List-Decodable Sparse Mean Estimation via Difference-of-Pairs Filtering

TL;DR

This paper introduces a new, simpler method for list-decodable sparse mean estimation, providing the first efficient algorithms with strong guarantees for distributions with bounded moments, light tails, and Gaussian inliers.

Contribution

It develops a novel technique for list-decodable mean estimation and offers the first efficient algorithms with provable guarantees for sparse means under broad conditions.

Findings

Achieves error of (1/α)^{O(1/t)} for distributions with bounded moments.

Provides optimal error of Θ(√log(1/α)) for Gaussian inliers.

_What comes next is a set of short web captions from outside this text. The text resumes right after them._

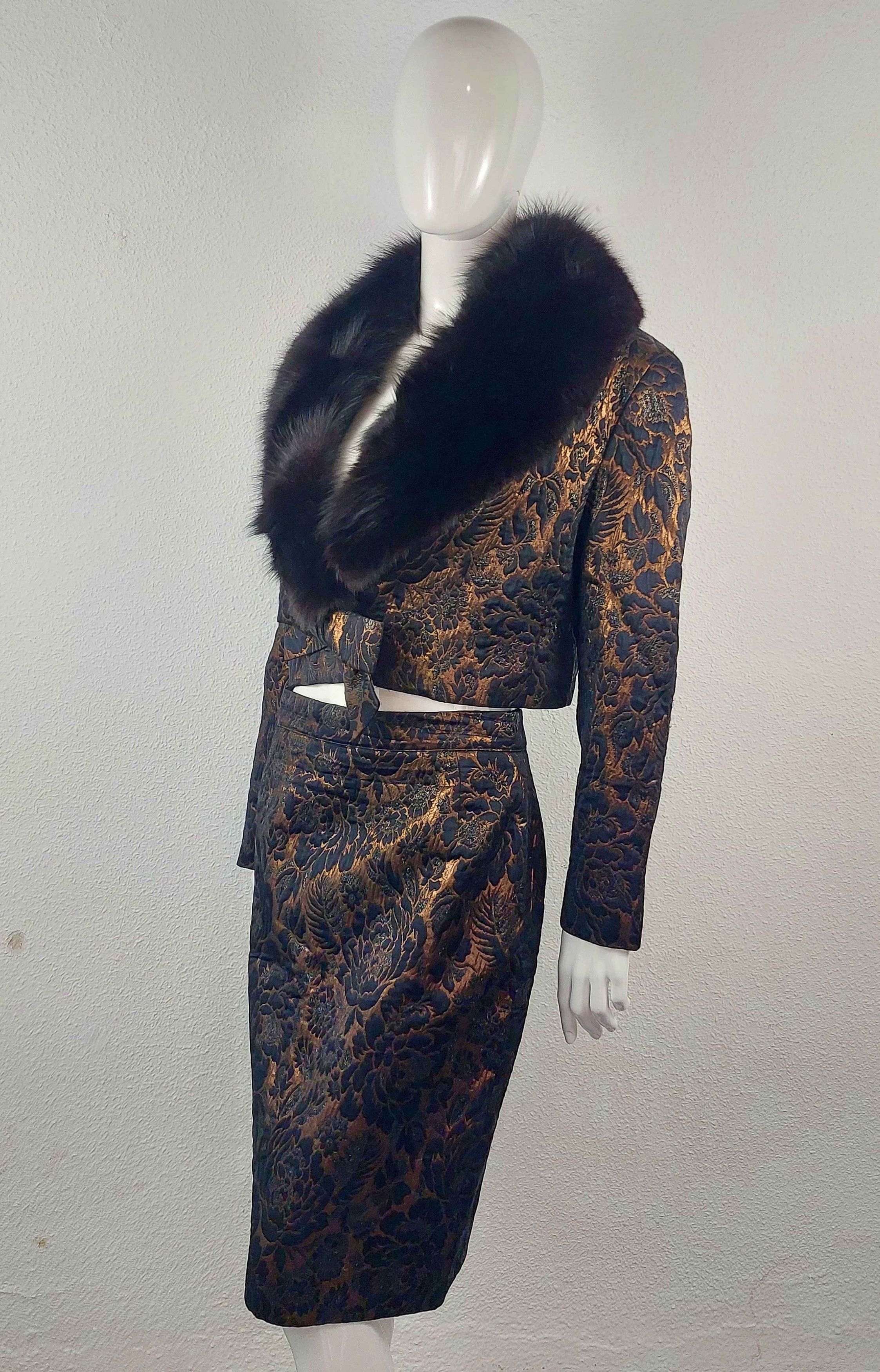Christian Lacroix Christian Lacroix Luxe Copper Lamé Cocktail Coat Suit Size L / US 10 / IT 46 - 8 Thumbnail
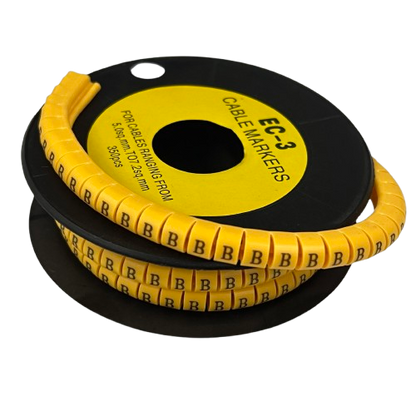 Grippes Cable Marker - B Yellow on a spool for easy cable identification and organization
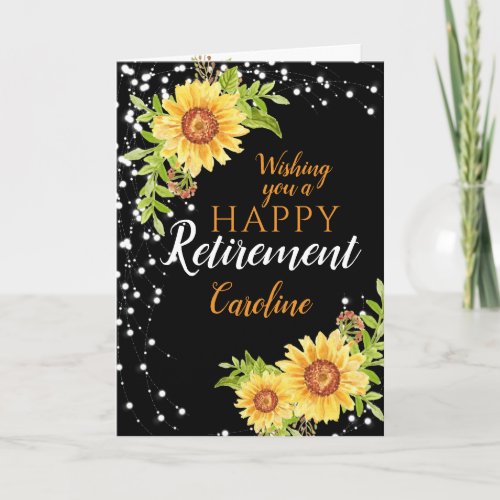 Happy Retirement Floral Sunflower Black Card
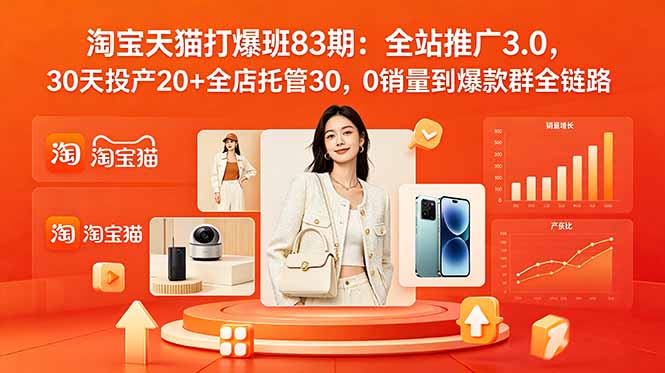(18920期)2026淘宝天猫打爆班83期:全站推广3.0,30天投产20+全店托管30,0销量到爆款群全链路-赛德副业库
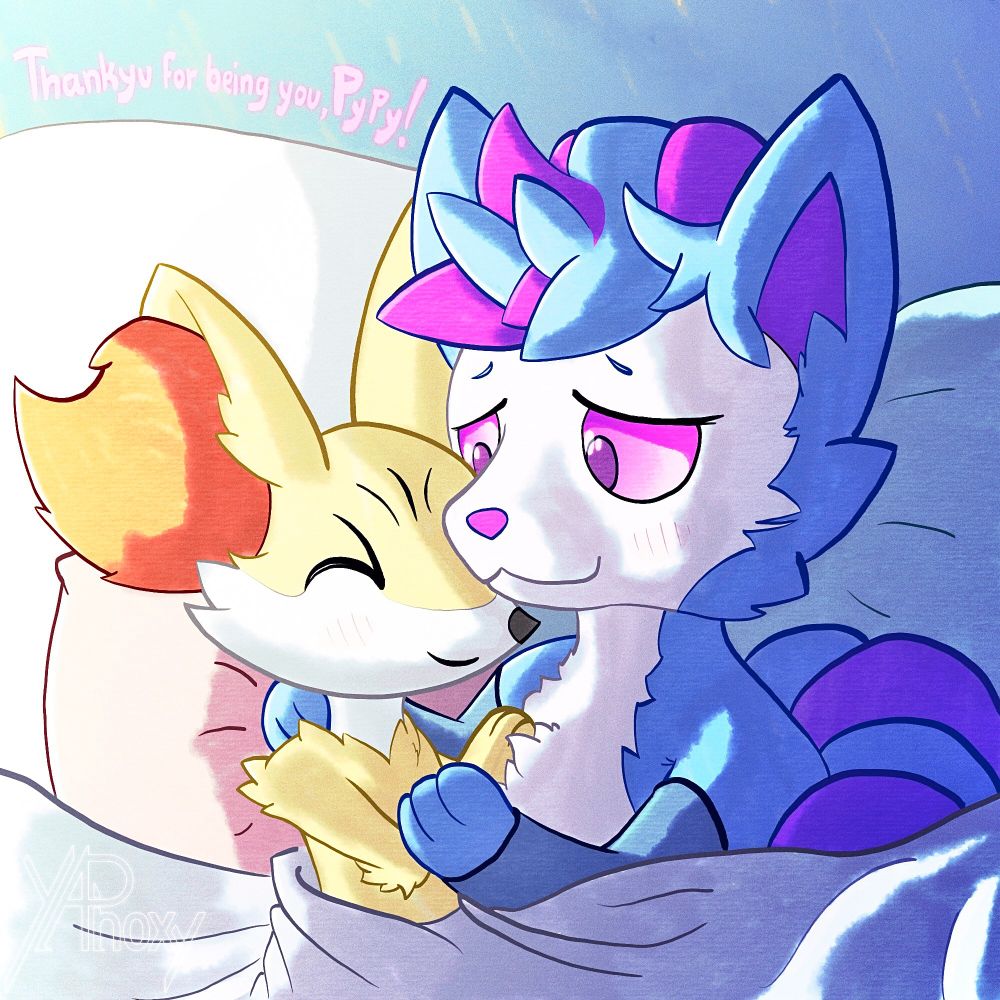 A Fennekin and Vulpix in a gentle embrace under the sheets, as the morning sun caresses this cozy scene.

The text reads: "Thankyu for being you, Pypy!"

Vulpix OC by @killyathepix.bsky.social
Fennekin OC by me (my first time as Fenn)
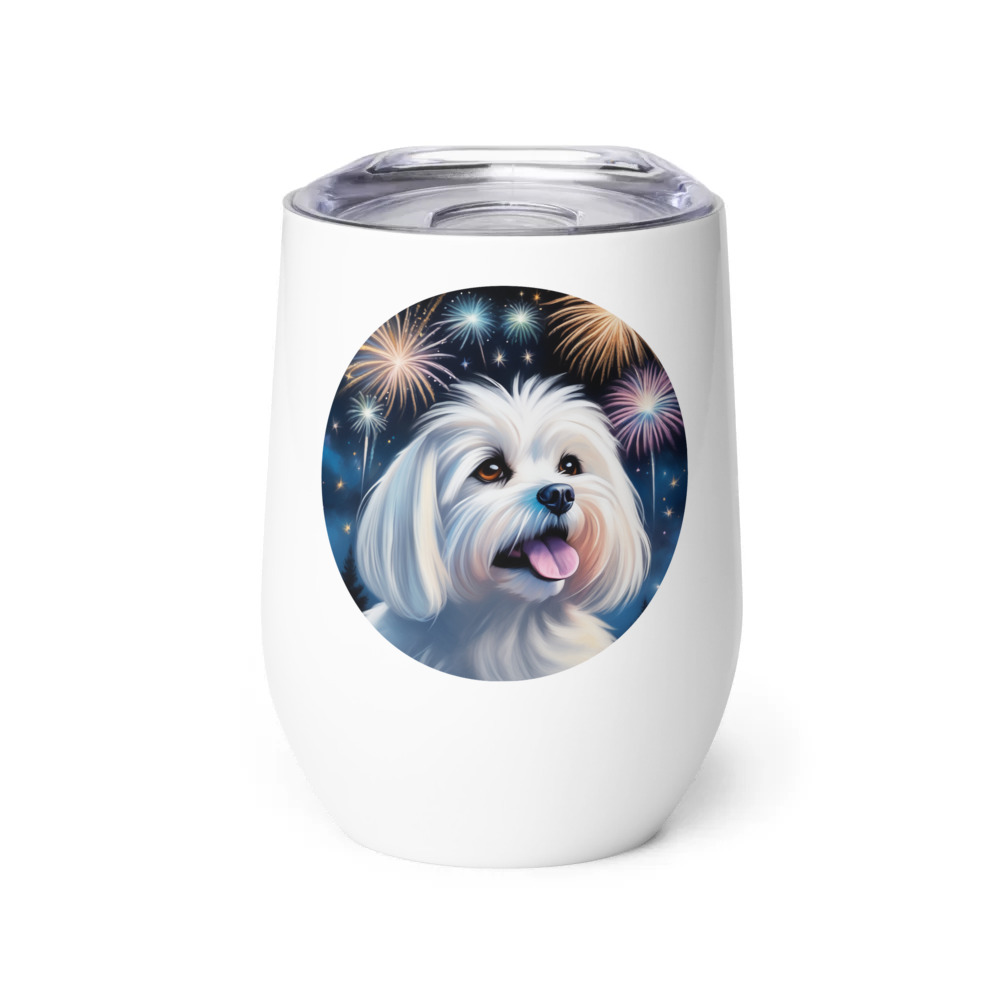 PugMug Custom Maltese Dog Wine Tumbler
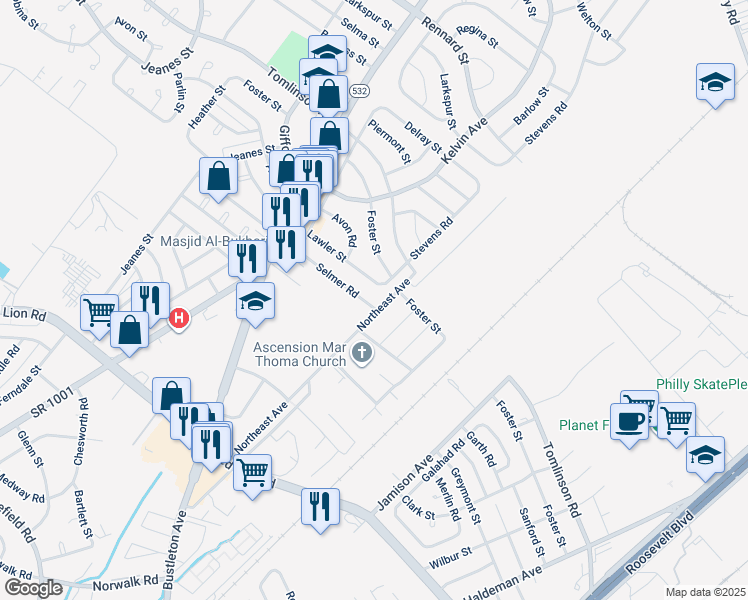 map of restaurants, bars, coffee shops, grocery stores, and more near 859 Selmer Road in Philadelphia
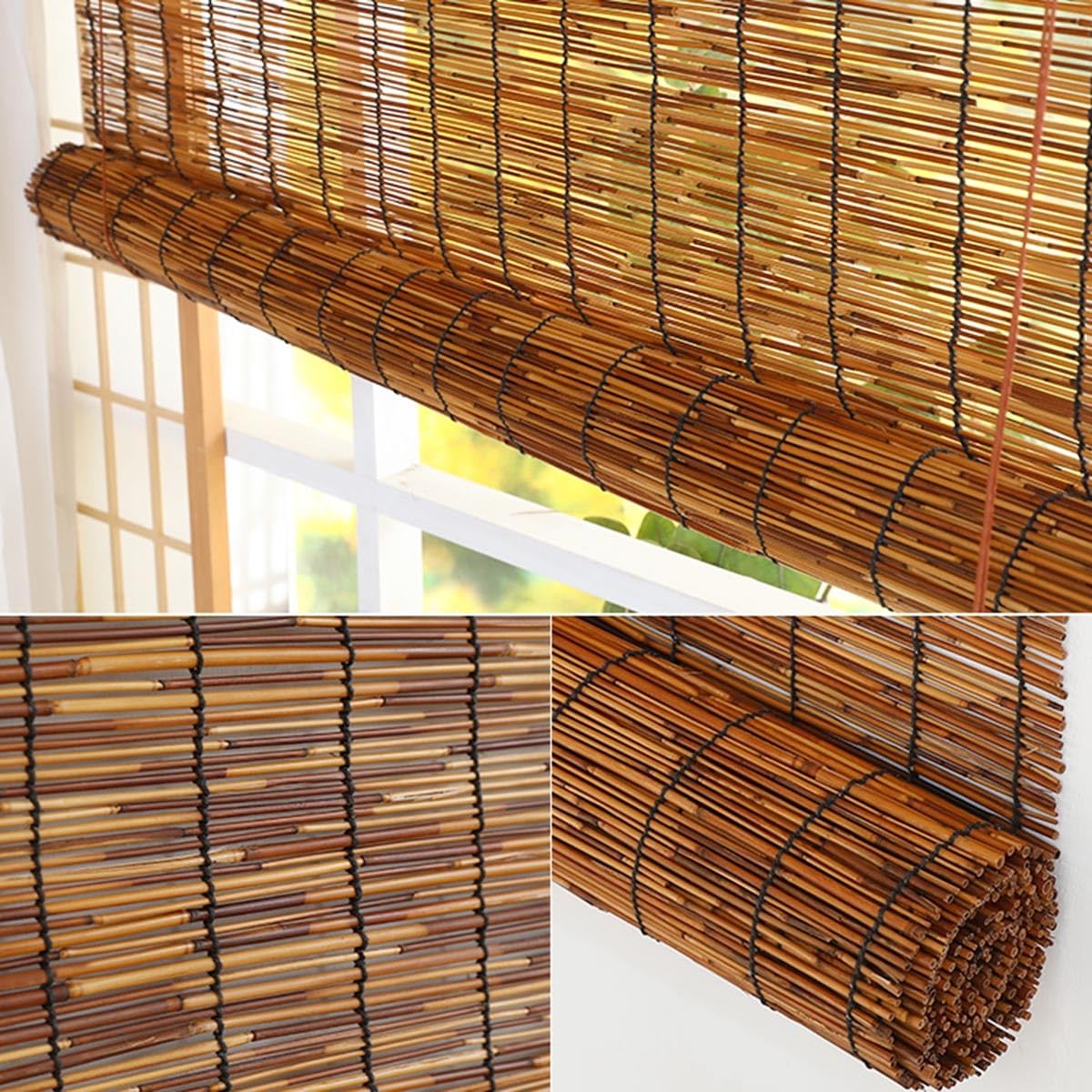 DISPRA Bamboo Roller Blinds - Outdoor UV Protection & Privacy Sunshade for Patios and Windows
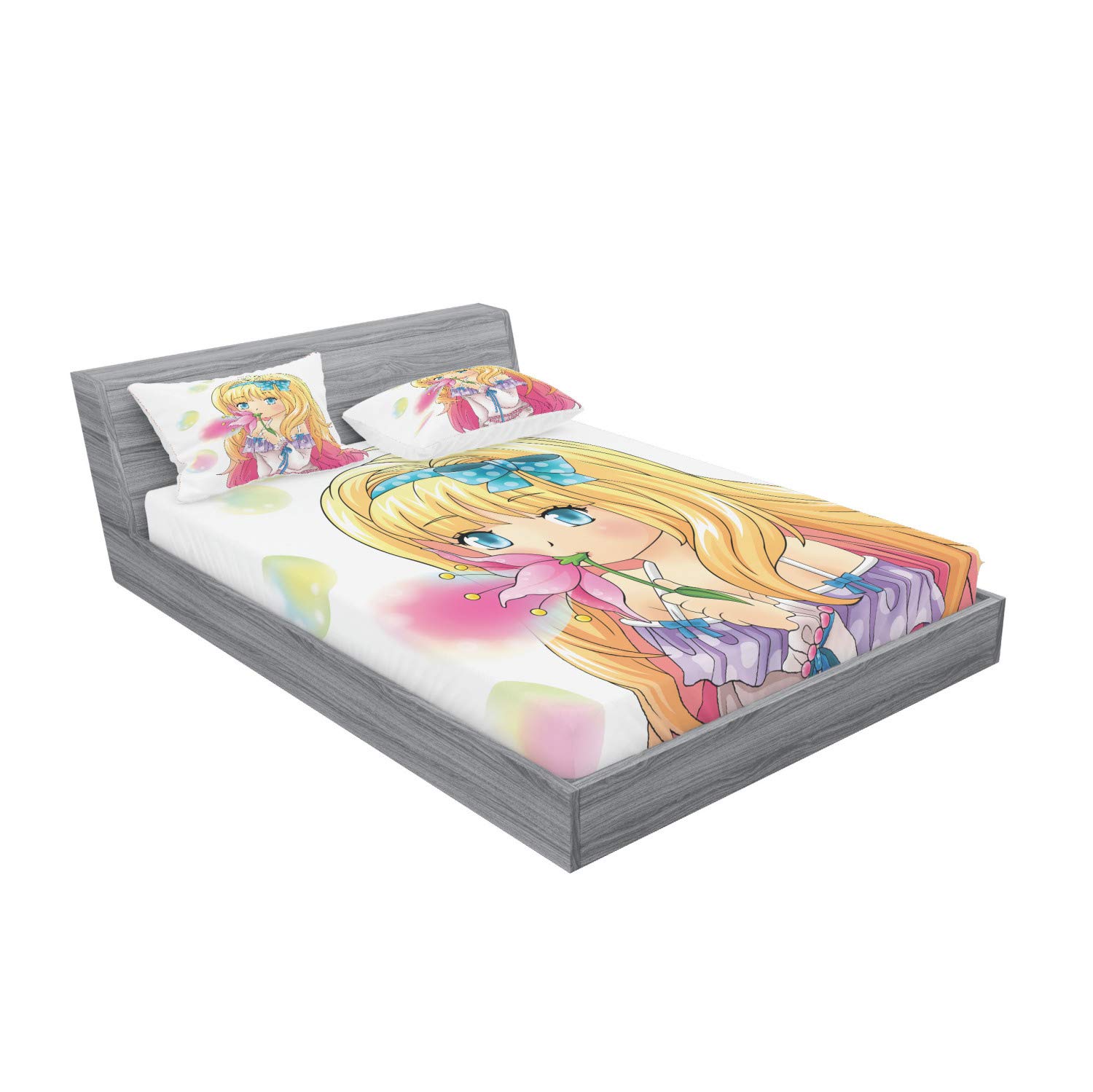 Ambesonne Anime Fitted Sheet & Pillow Sham Set - Manga Girl Blowing Bubbles Japanese Cartoon Art Print, 3-Piece Queen Size Bedding Set in Pink & Yellow | Perfect for Anime Fans' Bedroom Decor, Themed Guest Rooms & Gift for Manga Lovers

Establishes nearly-matching lower bounds for statistical query and polynomial testing.

Abstract

We study the problem of list-decodable sparse mean estimation. Specifically, for a parameter $\alpha \in (0, 1/2)$, we are given $m$ points in $\mathbb{R}^n$, $\lfloor \alpha m \rfloor$ of which are i.i.d. samples from a distribution $D$ with unknown $k$-sparse mean $\mu$. No assumptions are made on the remaining points, which form the majority of the dataset. The goal is to return a small list of candidates containing a vector $\widehat \mu$ such that $\| \widehat \mu - \mu \|_2$ is small. Prior work had studied the problem of list-decodable mean estimation in the dense setting. In this work, we develop a novel, conceptually simpler technique for list-decodable mean estimation. As the main application of our approach, we provide the first sample and computationally efficient algorithm for list-decodable sparse mean estimation. In particular, for distributions with "certifiably bounded" $t$-th moments in $k$-sparse directions and sufficiently light tails, our algorithm achieves error of $(1/\alpha)^{O(1/t)}$ with sample complexity $m = (k\log(n))^{O(t)}/\alpha$ and running time $\mathrm{poly}(mn^t)$. For the special case of Gaussian inliers, our algorithm achieves the optimal error guarantee of $\Theta (\sqrt{\log(1/\alpha)})$ with quasi-polynomial sample and computational complexity. We complement our upper bounds with nearly-matching statistical query and low-degree polynomial testing lower bounds.